Programming CD8+ T cells for effective immunotherapy

Abstract

The differentiation state of CD8+ T cells has emerged as a crucial determinant of their ability to respond to tumor and infection. Signals from T-cell receptors, co-stimulatory molecules and cytokine receptors direct the differentiation process. These signals 'program' sustained and heritable gene expression patterns that govern progressive differentiation and lineage commitment. The epigenetic mechanisms by which T cells are programmed are just beginning to be elucidated. Understanding the mechanisms that control CD8+ T-cell differentiation is important in the development of novel immunotherapy strategies.

Figure 1

Progressive differentiation of adoptively transferred CD8⁺ T cells inversely correlates with in vivo anti-tumor efficacy. (a) Following adoptive transfer, naïve and early effector CD8⁺ T cells migrate to lymphoid tissues where they can interact with dendritic cells that are presenting cognate antigens. CD8⁺ T cells are programmed to proliferate, differentiate and traffic to tumor sites where they can mediate effective anti-tumor responses.
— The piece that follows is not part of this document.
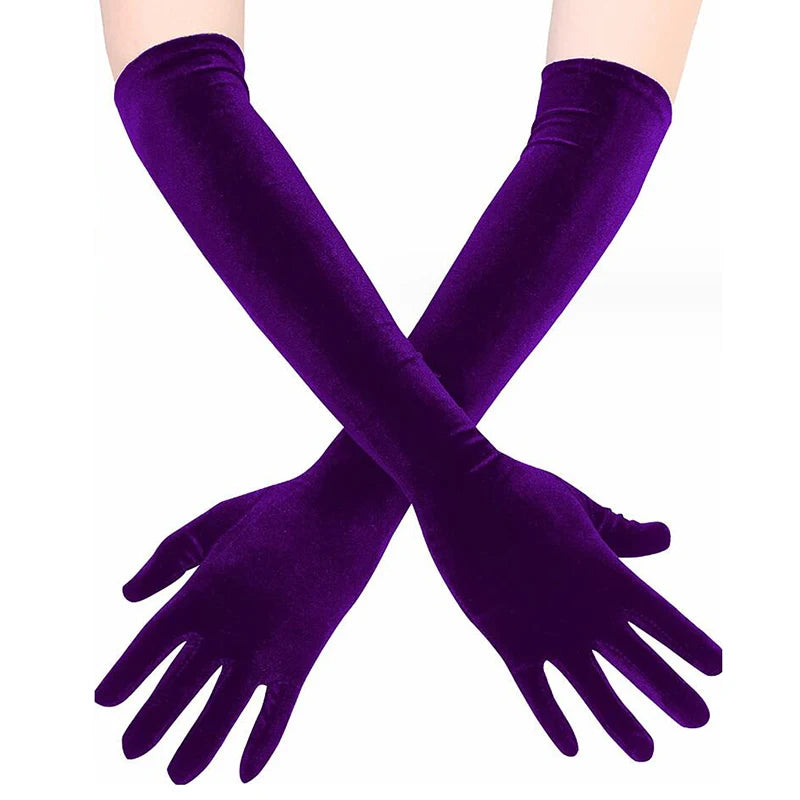 Women Velvet Long Autumn Winter Warm Black Evening Dress Etiquette Gloves Retro Style Banquet Accessories Elasticity Mittens Qme Fuchsia one size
After tumor clearance, T cells persist in a variety of differentiation states, providing protective immunity. (b) Intermediate effector cells are characterized by down-regulation of lymphoid homing molecules as well as having low proliferative and survival capacity. Following adoptive transfer, these cells become apoptotic or can proliferate moderately and home to tumor sites, where they can exert their cytotoxic potential. Tumor responses are sub-optimal and ultimately result in the exhaustion of T-cell responses. (c) Late effectors are characterized by poor survival and proliferative capability. After transfer, the majority of these cells undergo apoptosis. The few surviving late effectors migrate to tumor sites but are insufficient to trigger anti-tumor responses and impact on tumor growth. T cells ultimately are deleted and the tumor inexorably progresses.

Figure 2

A new hypothetical multidimensional model of CD8⁺ T-cell programming and differentiation. CD8⁺ T-cell differentiation is programmed by a variety of stimulatory and inhibitory signals from T-cell receptors (TCRs), co-stimulatory molecules and cytokine receptors. These signals induce distinct patterns of gene expression that can, through epigenetic mechanisms, be sustained and heritably transmitted. The quality of the integrated signals influences T-cell lineage commitment. Phenotypic and functional attributes are symbolized by different color hues. The strength of the integrated signals drives the T cell toward progressive senescence. T-cell differentiation through early, intermediate and late stages is represented by progressive darkening shades of cell colors. In this model, de-differentiation is not possible under physiologic conditions, although lineage commitment can be mutable. Plasticity of phenotype and function is progressively reduced as the cells approach senescence.